Monday, August 23, 2010
Allison Pittman's For Time and Eternity ~ Reviewed
For Time and Eternity (Sister Wife)
Paperback: 384 pages
Publisher: Tyndale House Publishers (August 4, 2010)
All Camilla Deardon knows of the Mormons camping nearby is the songs she hears floating on the breeze. Then she meets one of them—a young man named Nathan Fox. Never did she imagine he would be so handsome, so charming, especially after Mama and Papa’s warnings to stay away. Though she knows she should obey her parents, Camilla can’t refuse her heart. But even Nathan’s promises cannot prepare her for what she will face in Utah.

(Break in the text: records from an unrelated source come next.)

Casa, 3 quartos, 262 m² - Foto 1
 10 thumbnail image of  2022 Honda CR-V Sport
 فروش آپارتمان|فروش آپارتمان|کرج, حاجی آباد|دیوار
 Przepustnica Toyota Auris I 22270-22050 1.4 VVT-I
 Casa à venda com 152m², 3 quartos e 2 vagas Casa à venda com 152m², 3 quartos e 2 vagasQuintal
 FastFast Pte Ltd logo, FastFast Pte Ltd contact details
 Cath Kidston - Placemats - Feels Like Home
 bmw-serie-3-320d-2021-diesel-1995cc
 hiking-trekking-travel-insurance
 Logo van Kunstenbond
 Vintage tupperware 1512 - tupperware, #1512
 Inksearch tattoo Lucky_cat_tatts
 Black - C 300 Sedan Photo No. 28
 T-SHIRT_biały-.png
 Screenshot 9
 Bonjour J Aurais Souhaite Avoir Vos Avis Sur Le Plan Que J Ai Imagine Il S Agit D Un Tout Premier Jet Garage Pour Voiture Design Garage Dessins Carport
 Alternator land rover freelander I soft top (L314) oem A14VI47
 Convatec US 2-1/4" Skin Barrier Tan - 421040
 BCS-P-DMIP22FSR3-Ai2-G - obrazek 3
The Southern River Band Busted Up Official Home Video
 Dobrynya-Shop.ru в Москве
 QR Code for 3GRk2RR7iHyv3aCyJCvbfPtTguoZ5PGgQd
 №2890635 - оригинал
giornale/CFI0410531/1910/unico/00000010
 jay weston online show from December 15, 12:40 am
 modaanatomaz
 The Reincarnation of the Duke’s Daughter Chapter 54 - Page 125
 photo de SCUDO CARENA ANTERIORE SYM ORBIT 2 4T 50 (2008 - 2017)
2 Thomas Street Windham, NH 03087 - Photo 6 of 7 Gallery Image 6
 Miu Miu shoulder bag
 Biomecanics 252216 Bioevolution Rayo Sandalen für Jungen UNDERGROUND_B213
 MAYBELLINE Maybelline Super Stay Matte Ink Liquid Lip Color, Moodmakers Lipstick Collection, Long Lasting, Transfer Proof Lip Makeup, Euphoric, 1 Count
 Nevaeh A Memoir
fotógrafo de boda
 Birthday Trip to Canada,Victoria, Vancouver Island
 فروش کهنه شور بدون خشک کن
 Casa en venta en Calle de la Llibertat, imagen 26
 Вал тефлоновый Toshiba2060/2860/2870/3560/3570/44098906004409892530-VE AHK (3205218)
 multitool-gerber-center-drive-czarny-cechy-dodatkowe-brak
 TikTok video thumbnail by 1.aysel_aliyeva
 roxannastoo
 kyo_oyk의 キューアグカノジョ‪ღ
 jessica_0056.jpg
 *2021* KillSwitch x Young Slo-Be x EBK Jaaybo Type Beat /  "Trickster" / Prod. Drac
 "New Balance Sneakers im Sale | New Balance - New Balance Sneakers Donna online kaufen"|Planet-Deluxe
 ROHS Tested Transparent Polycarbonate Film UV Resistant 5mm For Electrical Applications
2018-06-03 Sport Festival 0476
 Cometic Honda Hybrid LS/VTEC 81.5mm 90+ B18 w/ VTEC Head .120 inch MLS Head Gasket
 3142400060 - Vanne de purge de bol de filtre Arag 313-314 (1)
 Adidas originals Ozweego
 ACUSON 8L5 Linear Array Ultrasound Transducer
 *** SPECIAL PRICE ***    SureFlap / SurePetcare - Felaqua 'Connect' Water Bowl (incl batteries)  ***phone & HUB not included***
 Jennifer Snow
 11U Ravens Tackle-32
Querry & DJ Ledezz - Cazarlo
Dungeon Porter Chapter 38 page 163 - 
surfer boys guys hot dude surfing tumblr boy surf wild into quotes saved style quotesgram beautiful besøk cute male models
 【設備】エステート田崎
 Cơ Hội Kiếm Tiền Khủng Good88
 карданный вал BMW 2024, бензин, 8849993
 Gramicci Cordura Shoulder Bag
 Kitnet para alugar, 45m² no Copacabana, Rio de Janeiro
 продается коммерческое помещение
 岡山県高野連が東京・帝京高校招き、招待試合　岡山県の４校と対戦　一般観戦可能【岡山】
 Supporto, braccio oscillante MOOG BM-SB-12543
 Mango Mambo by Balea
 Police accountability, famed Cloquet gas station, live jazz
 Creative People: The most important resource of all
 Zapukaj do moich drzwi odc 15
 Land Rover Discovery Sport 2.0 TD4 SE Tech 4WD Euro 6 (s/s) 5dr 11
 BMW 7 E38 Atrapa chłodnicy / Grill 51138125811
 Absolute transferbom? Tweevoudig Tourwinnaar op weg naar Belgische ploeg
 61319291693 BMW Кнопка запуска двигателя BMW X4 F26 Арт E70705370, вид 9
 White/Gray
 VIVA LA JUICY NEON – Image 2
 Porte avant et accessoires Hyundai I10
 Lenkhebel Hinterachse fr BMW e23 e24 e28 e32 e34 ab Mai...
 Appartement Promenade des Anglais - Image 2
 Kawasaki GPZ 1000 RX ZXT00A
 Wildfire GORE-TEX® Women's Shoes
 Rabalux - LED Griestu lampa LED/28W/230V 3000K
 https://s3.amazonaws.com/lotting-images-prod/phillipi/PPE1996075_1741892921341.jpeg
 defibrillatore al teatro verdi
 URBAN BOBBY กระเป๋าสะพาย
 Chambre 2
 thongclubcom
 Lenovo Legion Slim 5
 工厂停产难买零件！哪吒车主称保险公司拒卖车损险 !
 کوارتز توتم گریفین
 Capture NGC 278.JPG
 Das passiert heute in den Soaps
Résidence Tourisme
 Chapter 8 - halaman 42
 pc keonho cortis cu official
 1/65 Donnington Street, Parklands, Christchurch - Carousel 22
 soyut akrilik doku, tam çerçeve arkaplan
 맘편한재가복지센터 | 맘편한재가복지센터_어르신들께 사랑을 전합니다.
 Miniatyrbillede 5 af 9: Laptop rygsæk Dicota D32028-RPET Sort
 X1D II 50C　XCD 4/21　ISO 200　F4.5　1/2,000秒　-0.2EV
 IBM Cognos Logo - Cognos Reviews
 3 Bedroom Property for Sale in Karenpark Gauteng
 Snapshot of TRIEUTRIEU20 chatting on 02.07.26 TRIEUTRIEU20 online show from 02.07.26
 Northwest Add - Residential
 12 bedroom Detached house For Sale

I read Allison Pittman's novels with a bias. I expect her novels to make me think, and to transport me into a story that makes me completely unaware of my actual surroundings. She has ably met those expectations in For Time and Eternity.
The story begins in Iowa, my hometown, actually, which was kind of fun. But it was a very different Iowa, set during the Mormon exodus toward Utah. The story doesn't cover the journey and the hardships of the trail that one might expect. Instead it is the story of a young Christian girl, who, against her parents wishes, runs away with the young Mormon man whose eyes speak of promise and passion.
Pittman handles some controversial issues with grace. The history of the Mormon church is one that is tarnished, as is the history of Christianity, and let me just put it out there...all of humanity. Power, greed, lust, fervor, passion, pride; all things that seem to drive, divide and destroy even the best of intentions and situations. And beneath that not-so-subtle mix, is the underlying story of For Time and Eternity; man vs. God and the attempt to define Him, understand Him and become like Him.
In the midst of that epic struggle of man and God is the age old struggle of man and woman with a twist....a woman who is asked, expected and encouraged to share the husband she loves with all her heart, with another. Pittman delivers there as well. I read much of For Time and Eternity with my heart in my throat and tears in my eyes.